Mirip seperti era penjelajahan samudera bangsa Eropa yang menemukan hal-hal tidak terduga, begitu juga dengan penjelajahan dunia maya. Tidak peduli meski yang ditelusuri itu hanya sekedar social media. Memelototi up date-an status teman. Atau temannya teman. Atau teman punya teman, itu temannya. Sebenarnya lebih pas jika analoginya adalah penjelajahan kolam rekreasi dengan menggunakan perahu bebek kayuh, ketimbang penjelajahan samudera. Apapun itu, esensinya adalah ketemu dengan sesuatu yang unik. Baru. Menginspirasi, atau bahkan menyebalkan. Komplitlah pokoknya.
Malam ini, saya ketemu dengan up date an status mantan teman sekerja. Masih muda, ukuran lama mengajar, dia itu murid saya. Tetapi soal pengalaman, saya harus banyak belajar dari teman satu ini. Idealismenya menurut saya cukup untuk membuat saya dan teman-teman lainnya manggut-manggut.

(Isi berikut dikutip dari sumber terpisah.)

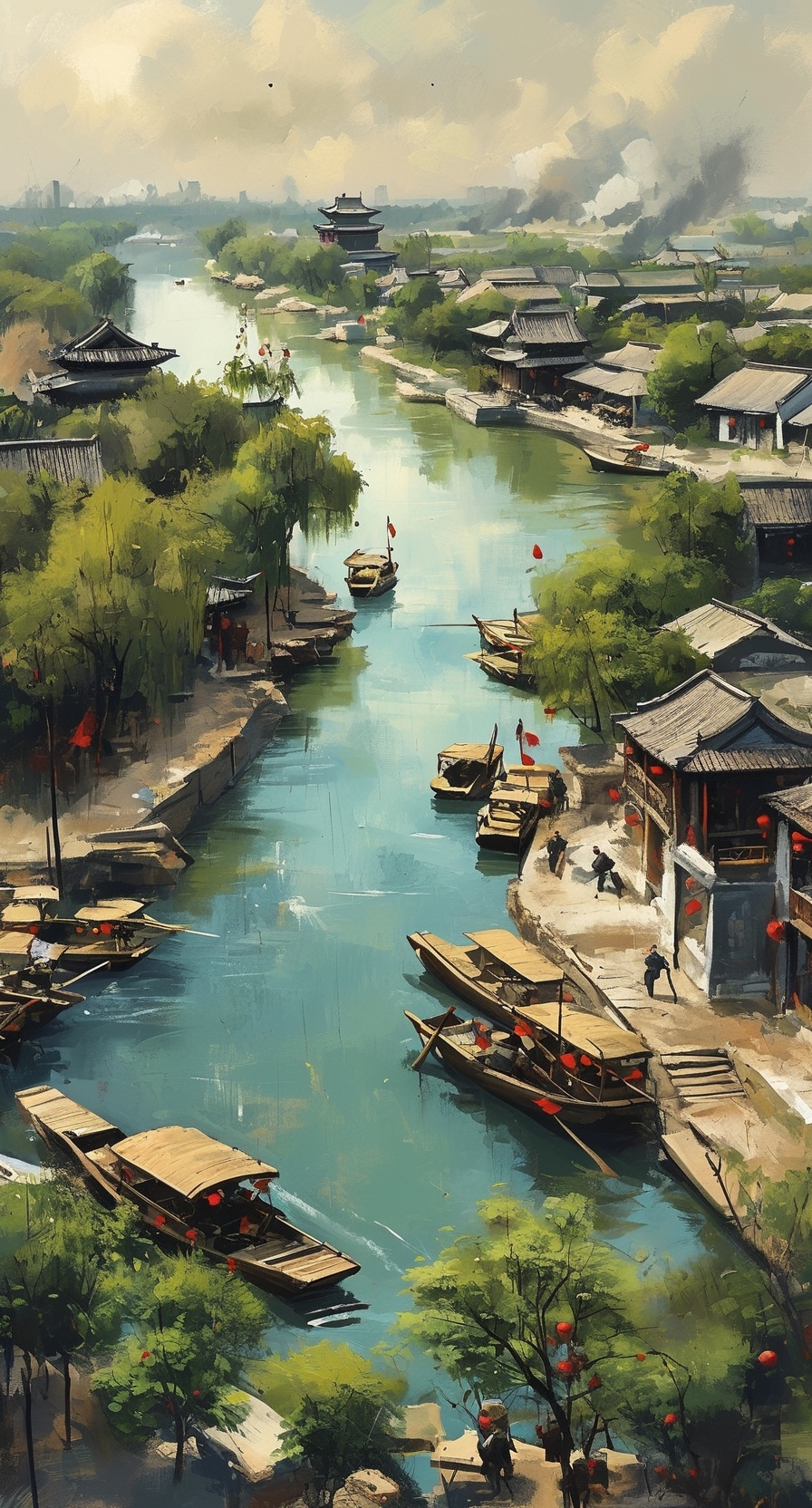 台儿庄战役:大捷 台儿庄战役是中国抗日战争时期的一场重要战役,发生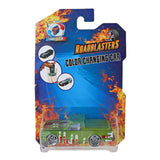 Roadstarblasters Auto Color change Die-cast, 8 cm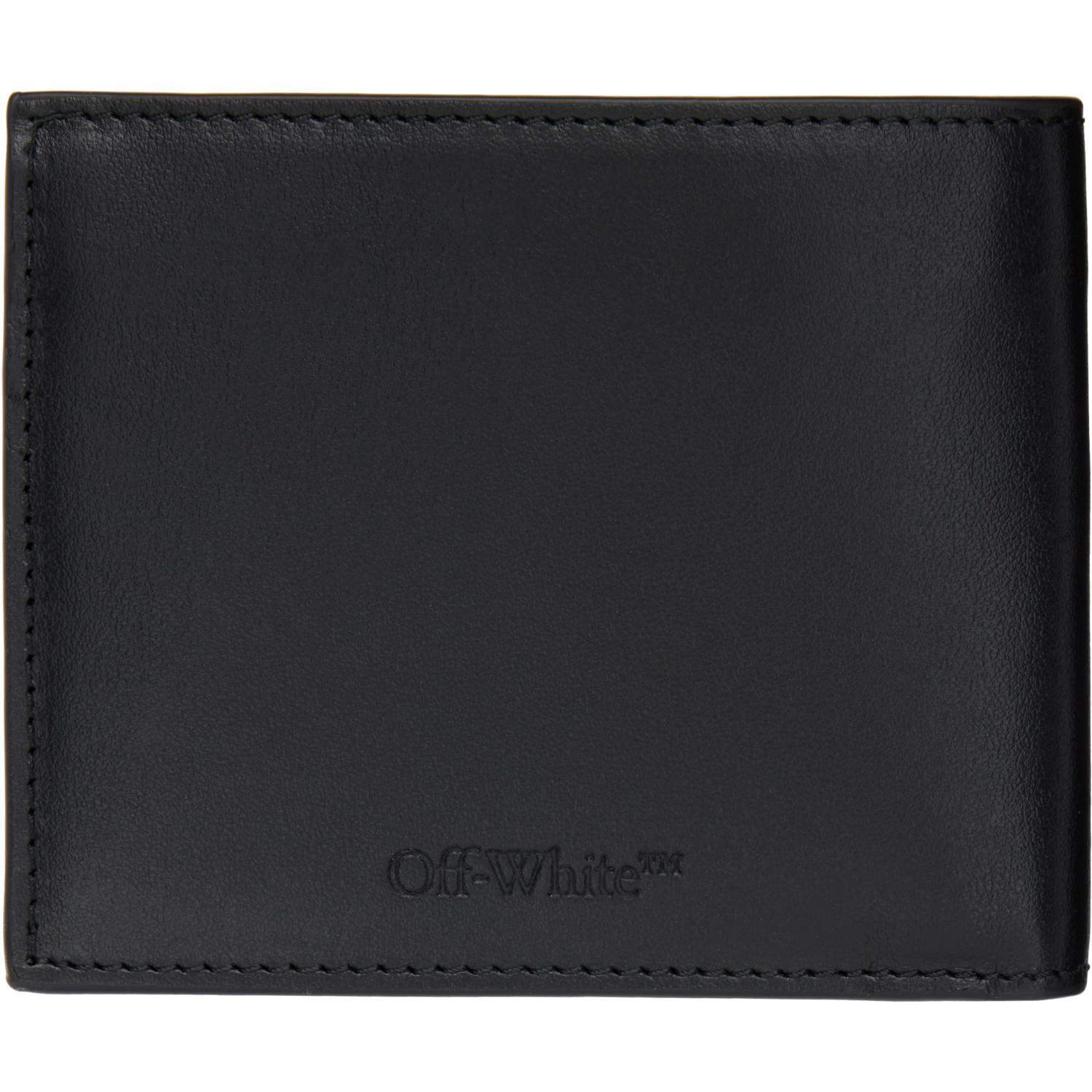 メンズ Off-White c/o Virgil Abloh 財布 & カードホルダー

Ia rela meninggalkan kemapanan dan menghidupi ketidakmapanan berikutnya. Sepertinya teman satu ini menikmati pilihannya. Meski pada saat bergumul dengan hal tersebut bukan berarti tidak ada tangis. Ada, namun itu tidak menggoyahkan pilihan hatinya. Sampai hari ini, saya tidak tahu apa yang sebenarnya dicari oleh guru muda satu ini.
Hari ini yang saya tahu, dia berada di pedalaman Kalimantan Utara. Mengajar di sebuah SMA Negeri. Membawa serta idealismenya. Dengan modal sangat terbatas, mendirikan sebuah taman bacaan, yang ia beri nama "Taman Baca Lumbis". Meski dia bilang ini hanya bentuk dari eksistensi, dan bagian dari upaya "memperalat" para siswanya. Tetapi saya yakin, teman saya ini punya mimpi besar.
Di tengah minimnya budaya baca dan menghentaknya denyut peradaban yang disebabkan gadget, teman saya ini sedang berenang menentang arus. Meski dia sendiri mengaku tidak bisa berenang. Di tengah tradisi sungai, ia berani hanya mengandalkan jerigen sebagai pelampung. Untuk ini, saya berani bilang, jika dia pemberani.
Modalnya cukup, pedalaman Papua pernah menempanya. Juga sebagai guru. Keterbatasan memaksanya berinovasi, biar tidak jenuh, begitu alasannya. Apapun itu, sekecil apapun perubahan yang coba dihembuskan adalah bentuk "perlawanan". Setidaknya sesuatu pernah dibuat. Teruslah berbuat kawan, Donal Eryxson Lomban Gaol, seperti yang kamu bilang, "konsistensi".